# Given data

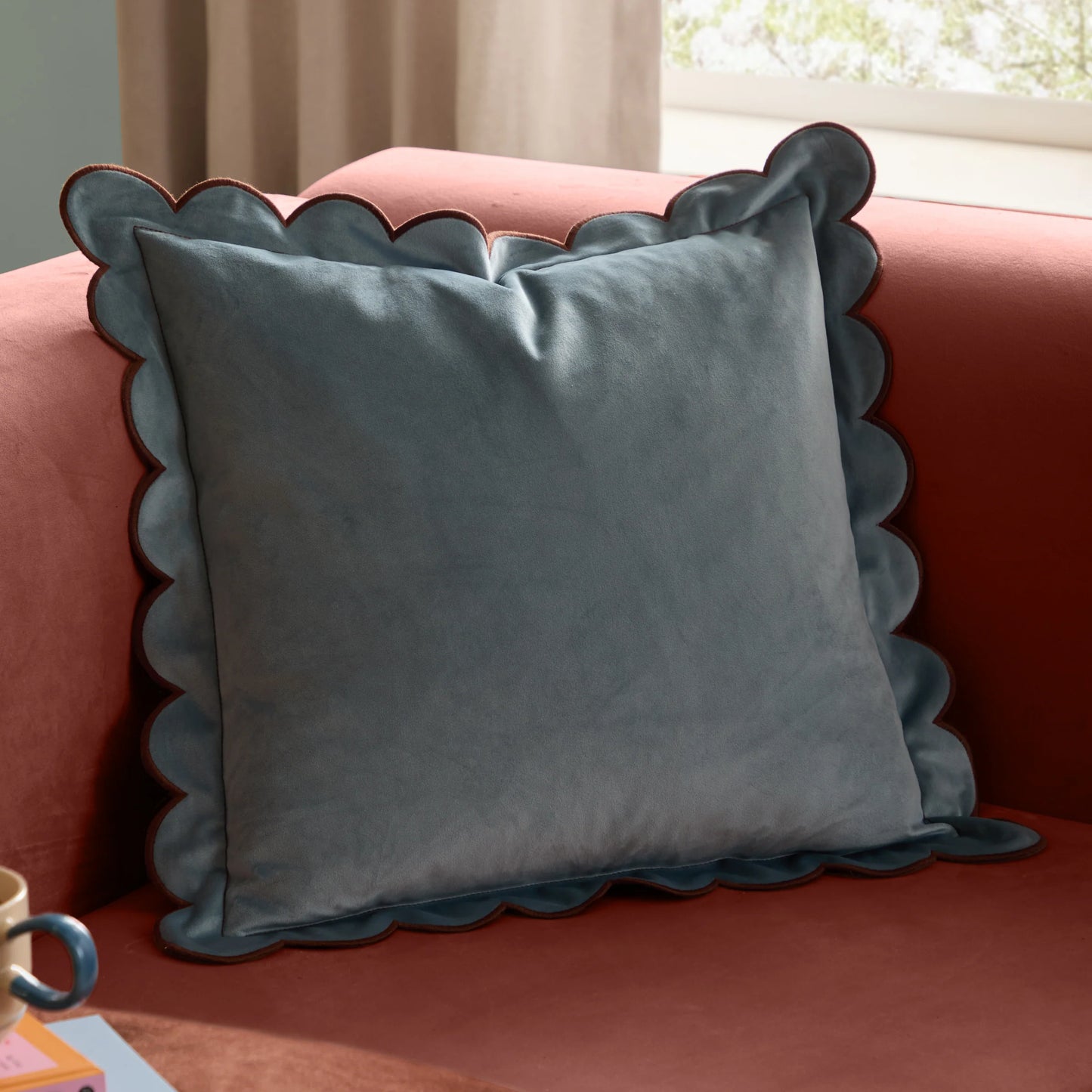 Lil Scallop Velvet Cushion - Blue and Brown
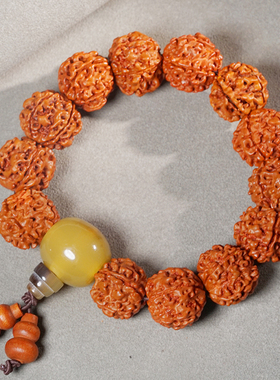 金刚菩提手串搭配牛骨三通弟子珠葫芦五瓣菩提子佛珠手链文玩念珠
--
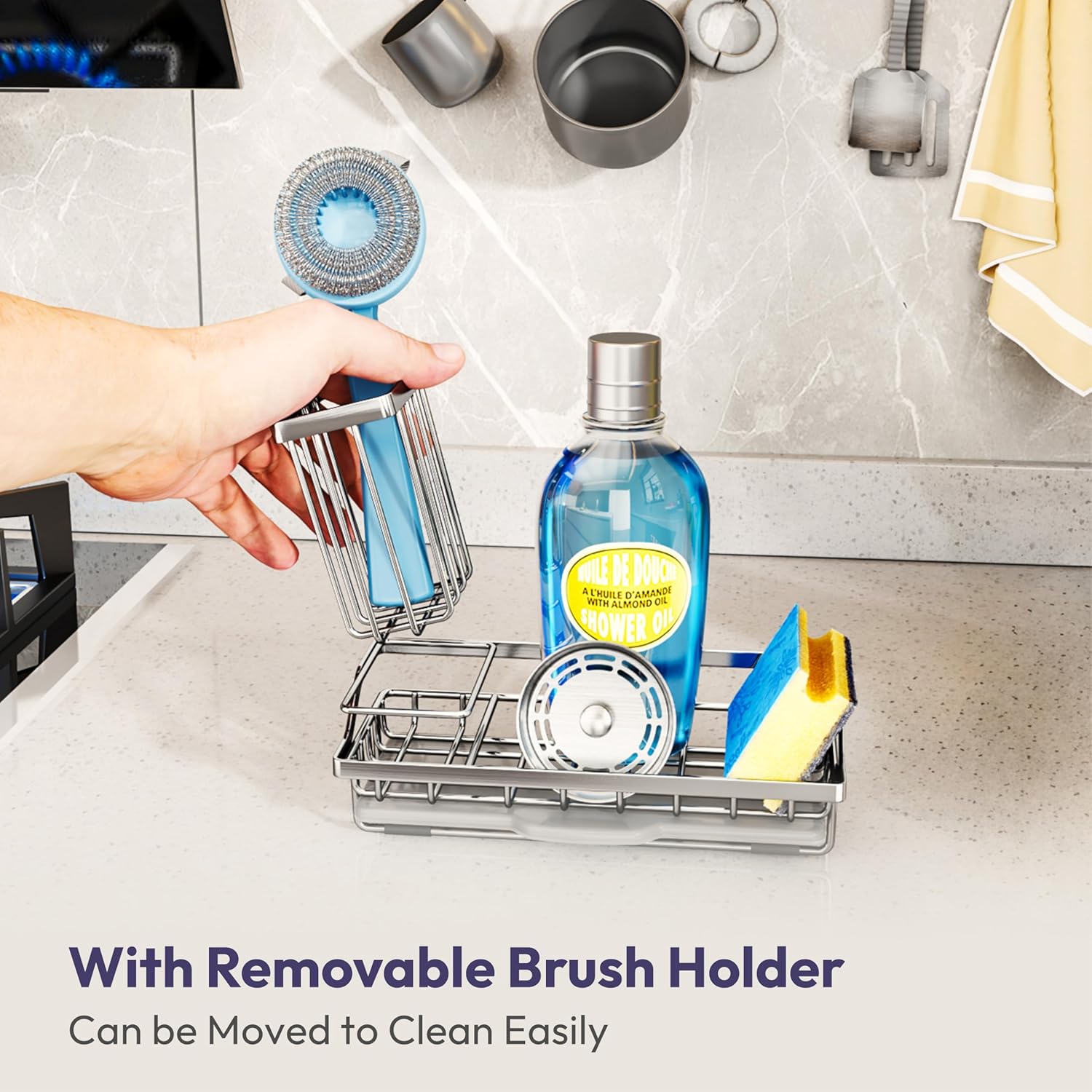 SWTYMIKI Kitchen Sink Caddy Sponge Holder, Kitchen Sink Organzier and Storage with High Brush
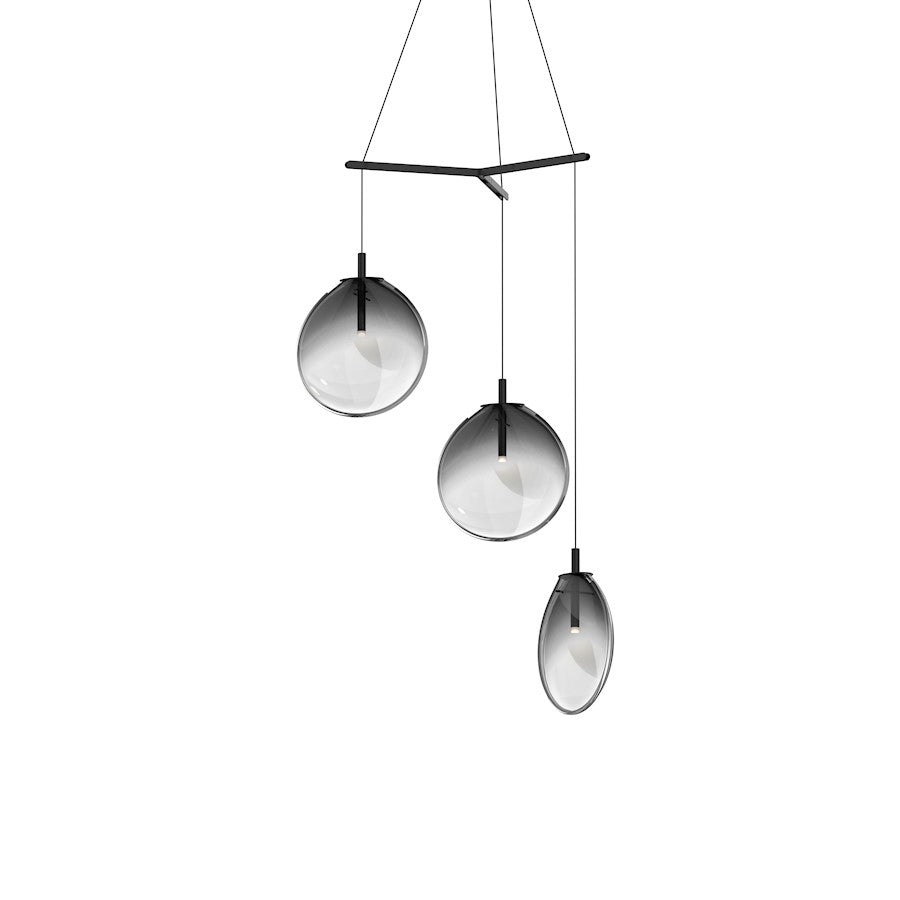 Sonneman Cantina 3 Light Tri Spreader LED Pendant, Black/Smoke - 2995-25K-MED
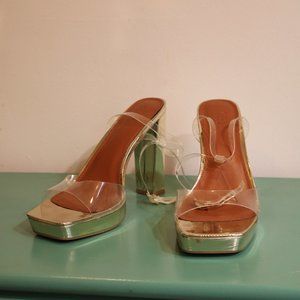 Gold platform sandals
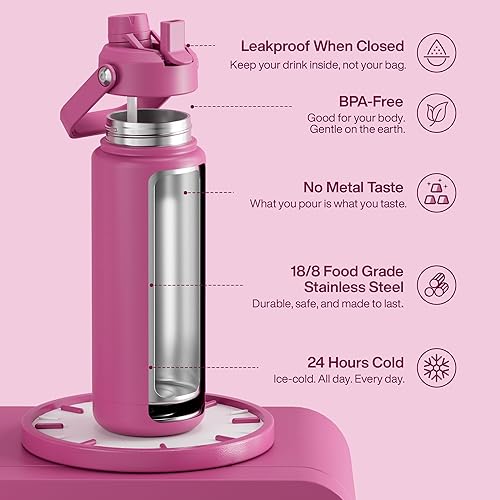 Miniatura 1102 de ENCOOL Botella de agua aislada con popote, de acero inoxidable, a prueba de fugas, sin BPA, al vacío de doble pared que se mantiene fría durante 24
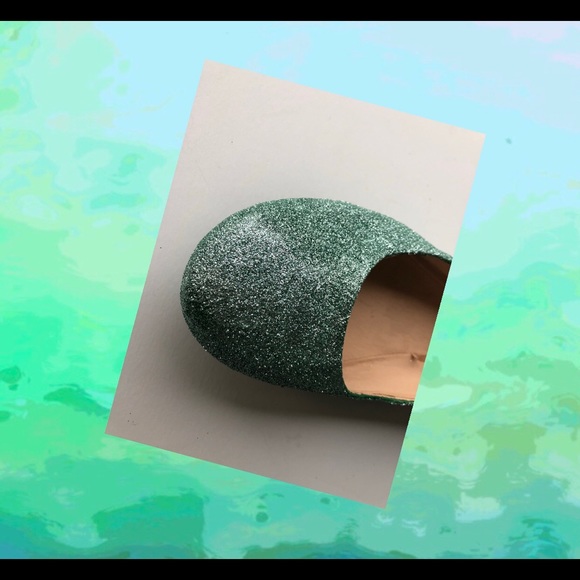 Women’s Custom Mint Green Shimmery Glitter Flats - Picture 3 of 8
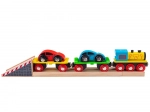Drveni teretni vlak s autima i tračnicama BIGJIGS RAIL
---
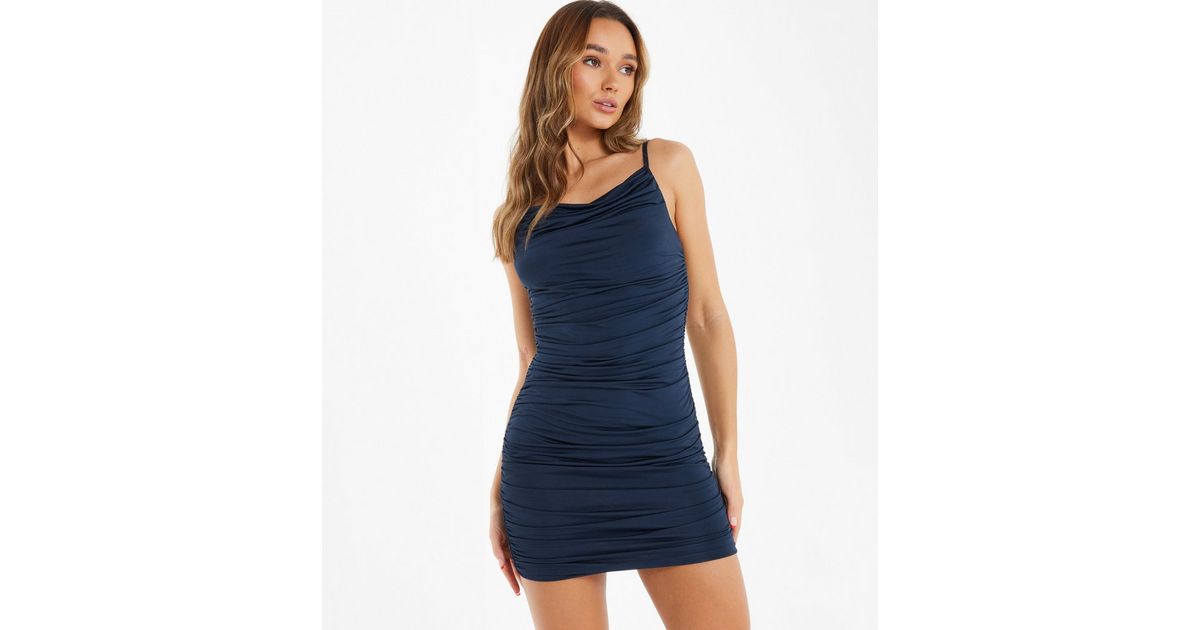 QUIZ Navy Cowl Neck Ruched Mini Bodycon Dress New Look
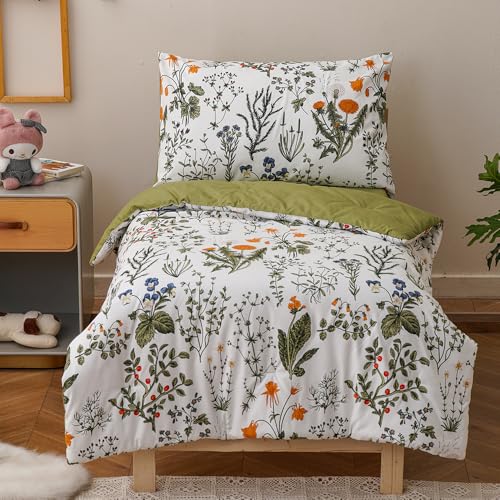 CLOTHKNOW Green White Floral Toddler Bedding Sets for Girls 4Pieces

# What needs to be done
Above are the records; copy exactly the lines from the one with "Lil Scallop Velvet Cushion - Blue and Brown" through the one with "金刚菩提手串搭配牛骨三通弟子珠葫芦五瓣菩提子佛珠手链文玩念珠", including both, and nothing more. Leave out pictures.

# Task result
 Lil Scallop Velvet Cushion - Blue and Brown
 金刚菩提手串搭配牛骨三通弟子珠葫芦五瓣菩提子佛珠手链文玩念珠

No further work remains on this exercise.